The third home game brought me a revelation. I went to the game not worried about the fans in the stands, nor was I concerned about how social media trolls would react to the size of the crowd in the stands. I went for myself, as a fan of the CFL and the Argos, and simply enjoyed the game. That’s when the proverbial light bulb went on.
Those that have been kind enough to read my posts over the past couple years know that I’m Alberta-born and an Edmonton Eskimo fan by birth. For a few years after I moved to Ontario I remained a CFL fan and would usually cheer for the home team on whichever game was being broadcast on television. I always think it’s good for the league when the home team wins. Eventually, due to geographical circumstances (Ottawa wasn’t back in the league yet, and Hamilton was too far away by an extra 90 minutes each way) and the sheer personality of Pinball Clemons, I became an Argos fan. Over time that has grown into becoming a season-ticket holder this season and a proud owner of Grey Cup tickets. (In 2012, I didn’t buy a ticket until 4pm on game day!) I feel like a true blue on blue die-hard Argonauts fan.
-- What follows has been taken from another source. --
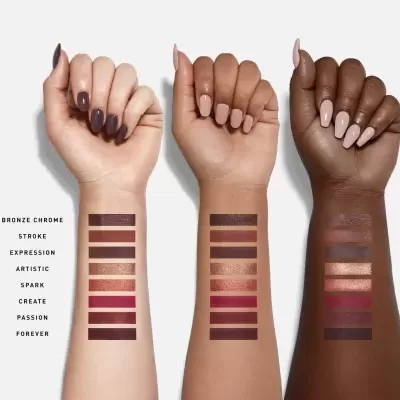 Três braços com amostras de maquilhagem e lista de nomes das cores junto ao lado esquerdo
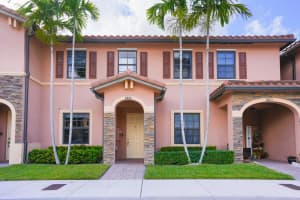 8884 W 35th Way, Hialeah, FL 33018 Sold 03/19/24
But before my western family and friends rush to rake me over the coals I have a quick admission. While I cheer for the football team, I have never become enchanted by the city. Toronto has never provided me with that special feeling of a place to call home. Admittedly I was late arriving, (31 years of age) and had a chip on my shoulder when I got here (Albertan), and I’ve had the pleasure of visiting many of the world’s great cities. I found no charm in Toronto’s streets, the architecture left me cold, the waterfront left me wanting, and the transit system, oh the god-forsaken transit system. Even literary fiction set in Toronto left me feeling the city was simply not to my tastes; its citizens cold and aloof and self-centered in their quest to be the next greatest thing. Essentially I represented The Rest of Canada (TROC) in my own experiences that had me looking to leave after 51 weeks as a resident of Canada’s biggest city. I just didn’t like Toronto. (By all means, this is more reflective of my own tastes than what Toronto has provided for other residents and visitors.)
But a small stadium stuck between two of the city’s busiest streets has captured my heart. It is big enough to have a sense of importance, and small enough to maintain a sense of intimacy. Walking around before and during the game, people are present and engaged and interactive, everything that I could never find in the hamster race that seems to dictate the rest of the city’s pedestrian routes. The sky is large and clear, the way it changes colour when the sun sets involves deep blues and purples and sudden shades of black to the south over the lake and lingering sunbeams in the north. Standing at various parts of the concourse allows you to see Toronto’s skyline in a way that makes it inviting and picturesque, rather than simply tall and overwhelming. Looking south gives me a sense of the size of the lake in a way that visiting Toronto islands by ferry never did. There’s a sense of nostalgia in this building that defies its short age and recent renovations. I find it invokes W.P Kinsella’s “Field of Dreams” -the grass, the lights, the sense I get that the stadium seems almost a refuge separate from Toronto. I feel like if I focus I could hear the voices of not James Earl Jones, but Don Wittman, Steve Armitage, Pat Marsden, and announcers of the past. It makes me feel young and optimistic and wishful and wanting to return.
Nearly twenty years since moving to Toronto, it seems I’ve fallen in love with an unlikely destination in BMO Field. I understand why TFC supporters lay such fervent claim to a wonderful spot to watch a game, and I encourage Argo fans of all ages to come out and experience it yourselves, for both the setting and the football. It’s never to late to find a little romance.